Как бы там ни было, но я с удовольствием выпил стакан чаю и поел хорошо просоленного сала. Подкрепившись, решил идти в город, хотя было еще очень рано. К нашей группе присоединился переводчик, предусмотрительно вызванный адъютантом, — нам требовался проводник по незнакомому городу.

Мы прошли по проспекту Андраши, по улице Ваци и другим центральным магистралям. Особенно часто встречались на пути патрули 6-й комендатуры. Солдаты были подтянуты, аккуратны. Их внешний вид, четкие ответы произвели самое благоприятное впечатление. На набережной возле парламента я остановил патруль Центральной комендатуры. Поинтересовался:

— Как к вам относятся местные жители? Как разговариваете с ними, не зная языка?

— За исключением буржуев, люди относятся хорошо, — ответил старший патруля. — Даже помогают нам.

— Каким образом?

— Да вот, например, дежурили мы тут несколько суток назад. Вдруг рано утром бегут двое рабочих и женщина. Кричат: «Товарищ! Давай! Давай! Фашист!» Мы за ними. Показывают какую-то яму. Спускаемся вниз, к сточным трубам. Венгры начали что-то кричать по-своему. Вроде бы звали и грозили. Из темноты вылезли трое. Черные, грязные, на людей не похожи. Венгры тычут пальцами: «Фашист! Генерал!» Мы сперва не поверили: какой генерал может быть в вонючей яме? Падалью от них несло так, что противно было стоять рядом. А в комендатуре разобрались и выяснили: действительно немецкий офицер в большом чине. Венгров поблагодарили за помощь и распрощались.

— Такие проявления дружеских чувств надо ценить, — сказал я.

— Здесь вообще народ хороший, товарищ генерал. Есть, конечно, и среди них такие, что враждебно настроены. Слушали своих буржуев, те им и напели.

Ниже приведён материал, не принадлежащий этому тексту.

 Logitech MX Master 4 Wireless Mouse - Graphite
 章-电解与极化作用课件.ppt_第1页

— Ничего, разберутся скоро и эти люди во всем. Сами увидят, где правда...

Патруль отправился дальше. Перебирая в памяти разговор с солдатами, я вспомнил с улыбкой два слова, которые прочно вошли в обиход местных жителей: «Товарищ, давай!» Сколько значения вкладывалось в эту короткую фразу. Не завоевателями, не «господами», а именно товарищами были для венгров советские солдаты!

Наша группа остановилась на набережной, над волнами полноводного Дуная. Легко и приятно было дышать чистым прохладным воздухом. Весеннее солнце медленно-медленно поднималось из-за горизонта, и воды реки золотились в его лучах.

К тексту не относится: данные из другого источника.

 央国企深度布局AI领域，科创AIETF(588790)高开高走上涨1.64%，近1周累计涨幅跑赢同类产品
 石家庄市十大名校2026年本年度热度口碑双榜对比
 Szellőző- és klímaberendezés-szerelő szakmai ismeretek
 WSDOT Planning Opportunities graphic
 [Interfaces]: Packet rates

Мы любовались Дунаем. Но едва отведешь взгляд, едва посмотришь на город, радостное настроение, вызванное чистым мартовским утром, сразу омрачалось. Вокруг лежали руины. От шести мостов, которые соединяли раньше Пешт с Будой, уцелели только «быки», а арматура взорванных гитлеровцами сооружений лишь кое-где торчала из воды.

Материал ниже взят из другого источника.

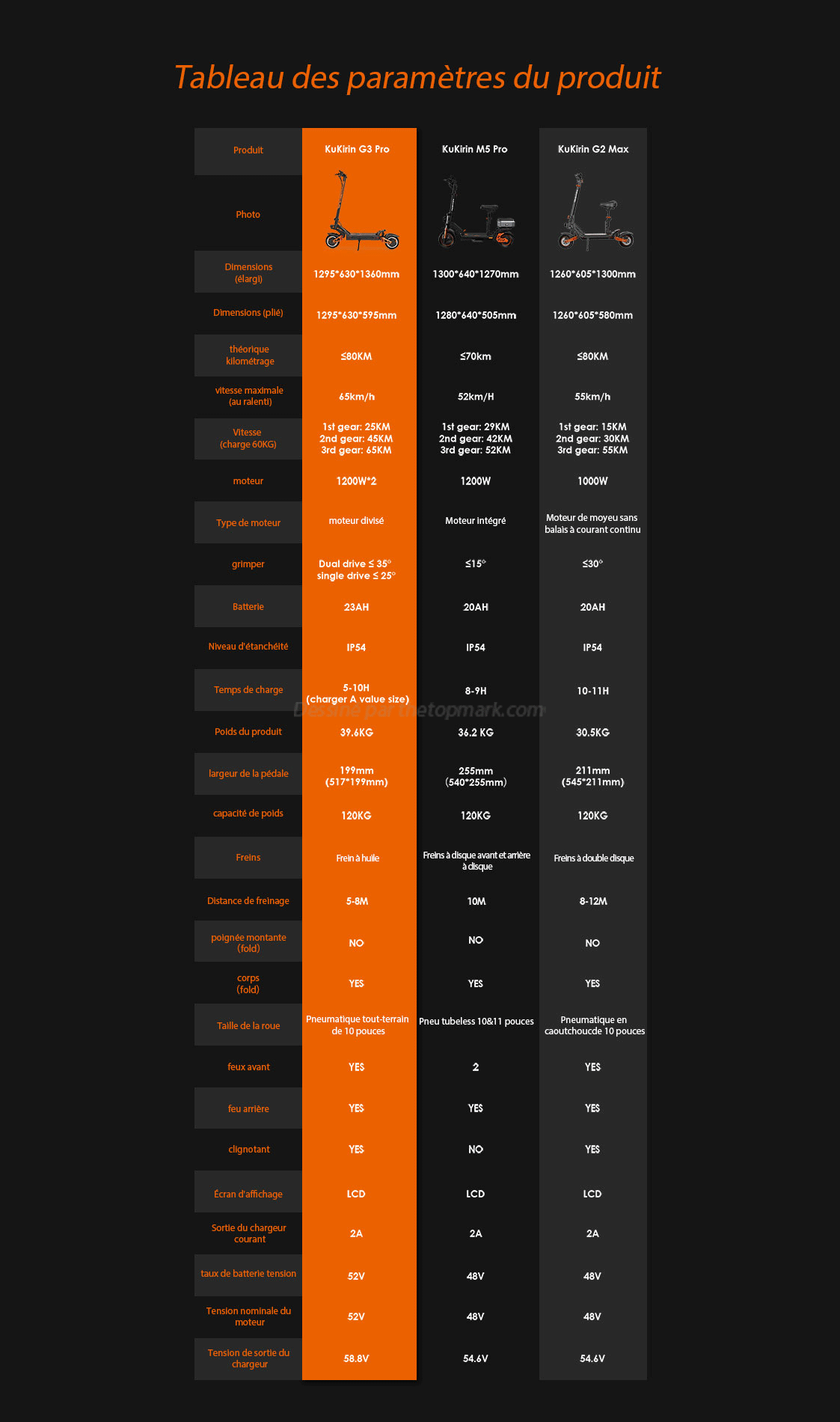 Trottinette électrique Kukirin G3 Pro, 1200W, batterie 1200AH, performance et fiabilité pour vos trajets urbains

Сообщение между двумя частями города было полностью прервано, а это все равно что разрубить пополам живой организм.

Чуя свою гибель, озверевшие фашисты без предупреждения уничтожили все мосты, в том числе самый большой и самый красивый дунайский мост Маргит. Мощный взрыв прозвучал в тот момент, когда по мосту двигались переполненные трамваи и множество пешеходов. Обломки моста рухнули в реку. Люди полетели в ледяную воду... Хотя наши войска были еще далеко от этого района, гитлеровское командование предпочло оставить без связи с тылом 20000 своих солдат и офицеров, лишь бы мост не достался Советской Армии.

Многие здания в городе были разрушены до основания, все улицы завалены битым кирпичом, кусками бетона и целыми глыбами рухнувших стен. В сохранившихся коробках домов зияли бреши, пробитые снарядами. От руин тянуло запахом гари. Земля изрыта воронками, окопами и траншеями.

Одна из красивейших европейских столиц напоминала не город, а кладбище. Все казалось здесь мертвым: транспорт не работал, людей почти не видно. Часть жителей не успела вернуться из эвакуации, кто погиб, кто продолжал сидеть в укрытиях, боясь выйти на свет. Фашистская пропаганда основательно поработала над тем, чтобы запугать людей. И если до войны в Будапеште и его пригородах насчитывалось около 20% населения страны, то теперь эта цифра резко сократилась.